The example given for part 1 shows pressing a button multiple times, but that makes no sense - the two presses would exactly cancel each other out, so any combination of buttons is going to require pressing a button either zero or one times. Given that, getting the power set of all of the buttons to find all of the different combinations to press makes the most sense. Admittedly, it took a while for me to figure out a good way to generate that, but hey, now I have a good utility function, using a bitmask!
public static IEnumerable<List<T>> PowerSet<T>(List<T> list)
{
int numSets = 1 << list.Count;
for (int mask = 0; mask < numSets; mask++)
{
var nextSet = new List<T>();
for (int i = 0; i < list.Count; i++)
{
if ((mask & (1 << i)) > 0)
{
nextSet.Add(list[i]);
}
}
yield return nextSet;
}
}
From there, it's trivially easy to just feed it the list of the buttons, sort it by size, and just pick the first one in the list that provides the right answer.
Now this time, it looks like the multiset needs to be used, instead of the powerset, due to the possibility of repeated items.
public static IEnumerable<List<T>> Multiset<T>(List<T> list, int size)
{
if (size == 0)
{
yield return new();
yield break;
}
foreach (var subset in Multiset(list, size - 1))
{
foreach (var item in list)
{
var nextList = new List<T>(subset)
{
item
};
yield return nextList;
}
}
}
By baking the size of it into the multiset, I can easily
- Start or look at only a specific length of combination
- Use recursion to generate the lists of smaller lengths
Point 1 is really important here as each button can only increase one of the joltages by one, meaning there needs to be a minimum of presses equal to the highest joltage. So if it's, for example, 12, then I can skip checking all presses of 1-11.
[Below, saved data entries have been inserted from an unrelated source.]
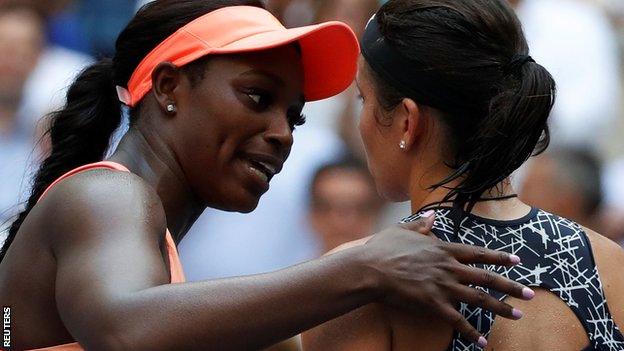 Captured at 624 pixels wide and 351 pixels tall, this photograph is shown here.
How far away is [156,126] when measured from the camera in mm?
2738

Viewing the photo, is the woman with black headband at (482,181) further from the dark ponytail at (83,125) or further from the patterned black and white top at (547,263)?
the dark ponytail at (83,125)

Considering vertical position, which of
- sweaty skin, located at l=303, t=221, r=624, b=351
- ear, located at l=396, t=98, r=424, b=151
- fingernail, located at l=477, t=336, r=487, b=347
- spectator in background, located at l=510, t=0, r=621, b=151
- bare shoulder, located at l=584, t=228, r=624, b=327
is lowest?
spectator in background, located at l=510, t=0, r=621, b=151

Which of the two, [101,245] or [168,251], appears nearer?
[101,245]

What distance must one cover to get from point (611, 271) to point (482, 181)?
0.35m

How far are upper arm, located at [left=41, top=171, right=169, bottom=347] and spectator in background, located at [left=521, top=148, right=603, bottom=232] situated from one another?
277 cm

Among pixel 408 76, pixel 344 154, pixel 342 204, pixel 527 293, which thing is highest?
pixel 408 76

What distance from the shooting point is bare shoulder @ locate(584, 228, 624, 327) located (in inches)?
93.4

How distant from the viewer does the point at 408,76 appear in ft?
7.84

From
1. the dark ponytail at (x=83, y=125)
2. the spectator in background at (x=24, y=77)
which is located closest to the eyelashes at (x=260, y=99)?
the dark ponytail at (x=83, y=125)

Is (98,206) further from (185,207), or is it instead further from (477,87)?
(477,87)

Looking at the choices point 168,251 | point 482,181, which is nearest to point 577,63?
point 482,181

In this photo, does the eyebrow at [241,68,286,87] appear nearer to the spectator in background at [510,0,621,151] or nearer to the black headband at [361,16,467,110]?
the black headband at [361,16,467,110]

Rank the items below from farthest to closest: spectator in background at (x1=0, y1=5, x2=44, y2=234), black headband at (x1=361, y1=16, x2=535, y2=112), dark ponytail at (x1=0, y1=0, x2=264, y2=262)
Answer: spectator in background at (x1=0, y1=5, x2=44, y2=234) < dark ponytail at (x1=0, y1=0, x2=264, y2=262) < black headband at (x1=361, y1=16, x2=535, y2=112)

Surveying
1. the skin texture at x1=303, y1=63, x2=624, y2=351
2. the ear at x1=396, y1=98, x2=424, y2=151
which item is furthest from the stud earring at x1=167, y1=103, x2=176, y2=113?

... except this bruteforce method isn't really going to work. Just with the example input it takes 18 seconds with a max length of 12. A few in the real input have joltages approaching 200!
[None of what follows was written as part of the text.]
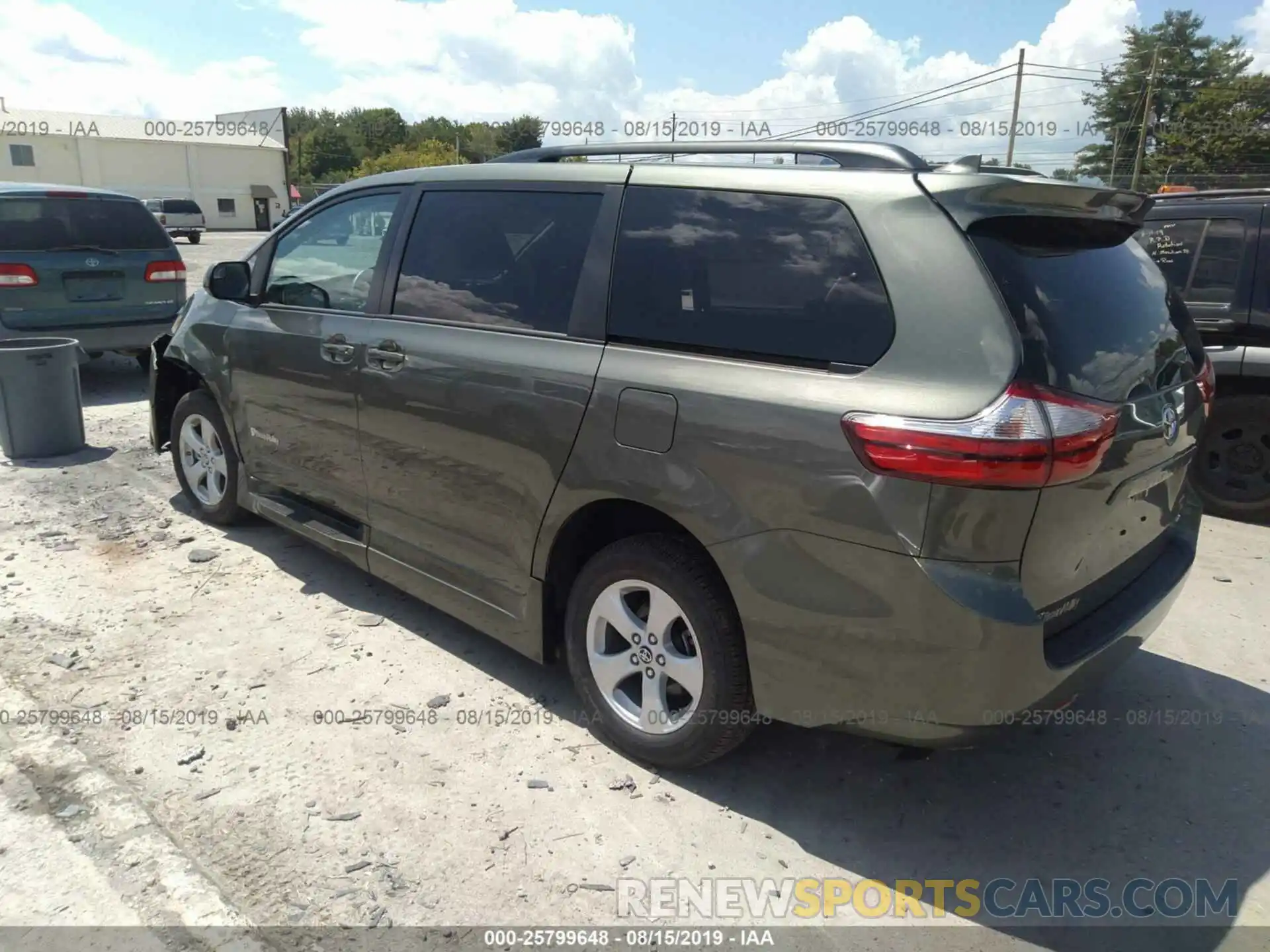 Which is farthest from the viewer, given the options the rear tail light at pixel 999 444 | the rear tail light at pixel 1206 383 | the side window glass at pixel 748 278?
the rear tail light at pixel 1206 383

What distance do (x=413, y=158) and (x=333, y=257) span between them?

Taking a small break, and looking at some of the discussion around the problem, I'm thinking that just blindly checking every combination is probably a recipie for failure; a lot of the combinations are likely going too high on one of the buttons.
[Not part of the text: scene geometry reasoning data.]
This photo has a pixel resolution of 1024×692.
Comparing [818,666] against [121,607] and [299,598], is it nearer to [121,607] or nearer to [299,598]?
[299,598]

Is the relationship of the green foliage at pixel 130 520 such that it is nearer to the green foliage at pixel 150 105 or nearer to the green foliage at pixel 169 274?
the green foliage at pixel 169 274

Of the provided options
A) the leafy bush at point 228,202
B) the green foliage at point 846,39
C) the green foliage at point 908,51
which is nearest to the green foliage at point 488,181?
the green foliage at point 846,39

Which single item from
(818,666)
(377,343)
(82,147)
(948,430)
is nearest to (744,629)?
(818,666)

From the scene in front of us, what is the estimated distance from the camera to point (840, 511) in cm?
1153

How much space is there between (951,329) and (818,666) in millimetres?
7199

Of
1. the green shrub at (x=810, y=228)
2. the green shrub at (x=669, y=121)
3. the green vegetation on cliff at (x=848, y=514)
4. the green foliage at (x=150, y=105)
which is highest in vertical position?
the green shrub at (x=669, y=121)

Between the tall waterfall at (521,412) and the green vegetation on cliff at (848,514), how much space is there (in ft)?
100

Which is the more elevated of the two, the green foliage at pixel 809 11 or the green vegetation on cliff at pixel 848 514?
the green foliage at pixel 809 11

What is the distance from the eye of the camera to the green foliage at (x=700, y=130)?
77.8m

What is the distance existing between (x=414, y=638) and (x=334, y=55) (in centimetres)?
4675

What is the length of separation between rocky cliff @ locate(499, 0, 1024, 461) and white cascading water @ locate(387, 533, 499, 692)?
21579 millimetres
It looks like this is basically just a series of linear equations... and one of the main ways people are solving it are with something called Z3. Honeslty I would have prefered just solving it myself... but doing these problems are about improving my abilities as a programmer, and one of those abilities is learning and using new tools. So I suppose this year I get to learn Z3 and use it to solve this problem.
I'm not going to share my code here - mostly because I don't think it's worth sharing. I feel like I don't understand it well enough. I just fed Z3 come constraints and... it just popped out an answer. It's cool, but I admit I feel a bit uneasy about black-box type things like this.